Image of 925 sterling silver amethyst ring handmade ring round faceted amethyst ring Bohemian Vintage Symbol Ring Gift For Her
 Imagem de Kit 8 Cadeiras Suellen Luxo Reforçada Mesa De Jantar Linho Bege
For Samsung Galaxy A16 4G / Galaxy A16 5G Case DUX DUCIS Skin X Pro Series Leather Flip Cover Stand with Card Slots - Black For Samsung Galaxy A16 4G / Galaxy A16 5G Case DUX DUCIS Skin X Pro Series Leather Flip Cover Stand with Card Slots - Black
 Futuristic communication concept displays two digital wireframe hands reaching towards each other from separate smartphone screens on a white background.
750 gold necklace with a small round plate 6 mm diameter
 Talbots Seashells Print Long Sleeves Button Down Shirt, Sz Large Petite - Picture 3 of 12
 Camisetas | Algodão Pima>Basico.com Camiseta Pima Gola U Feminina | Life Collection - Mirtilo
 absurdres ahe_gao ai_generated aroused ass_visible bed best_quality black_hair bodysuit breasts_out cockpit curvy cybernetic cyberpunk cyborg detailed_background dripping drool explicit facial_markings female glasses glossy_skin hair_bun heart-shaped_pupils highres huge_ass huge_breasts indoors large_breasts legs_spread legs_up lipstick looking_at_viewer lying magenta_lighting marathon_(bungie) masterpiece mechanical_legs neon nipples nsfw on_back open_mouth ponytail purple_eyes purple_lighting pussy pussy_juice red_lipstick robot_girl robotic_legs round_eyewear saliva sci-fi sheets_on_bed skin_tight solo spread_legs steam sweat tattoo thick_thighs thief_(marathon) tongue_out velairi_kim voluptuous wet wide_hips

• [PROBLEM STATEMENT]
Every entry must be repeated exactly; none may be skipped.

• [EXERCISE RESULT]
Image of 925 sterling silver amethyst ring handmade ring round faceted amethyst ring Bohemian Vintage Symbol Ring Gift For Her
 Imagem de Kit 8 Cadeiras Suellen Luxo Reforçada Mesa De Jantar Linho Bege
For Samsung Galaxy A16 4G / Galaxy A16 5G Case DUX DUCIS Skin X Pro Series Leather Flip Cover Stand with Card Slots - Black For Samsung Galaxy A16 4G / Galaxy A16 5G Case DUX DUCIS Skin X Pro Series Leather Flip Cover Stand with Card Slots - Black
 Futuristic communication concept displays two digital wireframe hands reaching towards each other from separate smartphone screens on a white background.
750 gold necklace with a small round plate 6 mm diameter
 Talbots Seashells Print Long Sleeves Button Down Shirt, Sz Large Petite - Picture 3 of 12
 Camisetas | Algodão Pima>Basico.com Camiseta Pima Gola U Feminina | Life Collection - Mirtilo
 absurdres ahe_gao ai_generated aroused ass_visible bed best_quality black_hair bodysuit breasts_out cockpit curvy cybernetic cyberpunk cyborg detailed_background dripping drool explicit facial_markings female glasses glossy_skin hair_bun heart-shaped_pupils highres huge_ass huge_breasts indoors large_breasts legs_spread legs_up lipstick looking_at_viewer lying magenta_lighting marathon_(bungie) masterpiece mechanical_legs neon nipples nsfw on_back open_mouth ponytail purple_eyes purple_lighting pussy pussy_juice red_lipstick robot_girl robotic_legs round_eyewear saliva sci-fi sheets_on_bed skin_tight solo spread_legs steam sweat tattoo thick_thighs thief_(marathon) tongue_out velairi_kim voluptuous wet wide_hips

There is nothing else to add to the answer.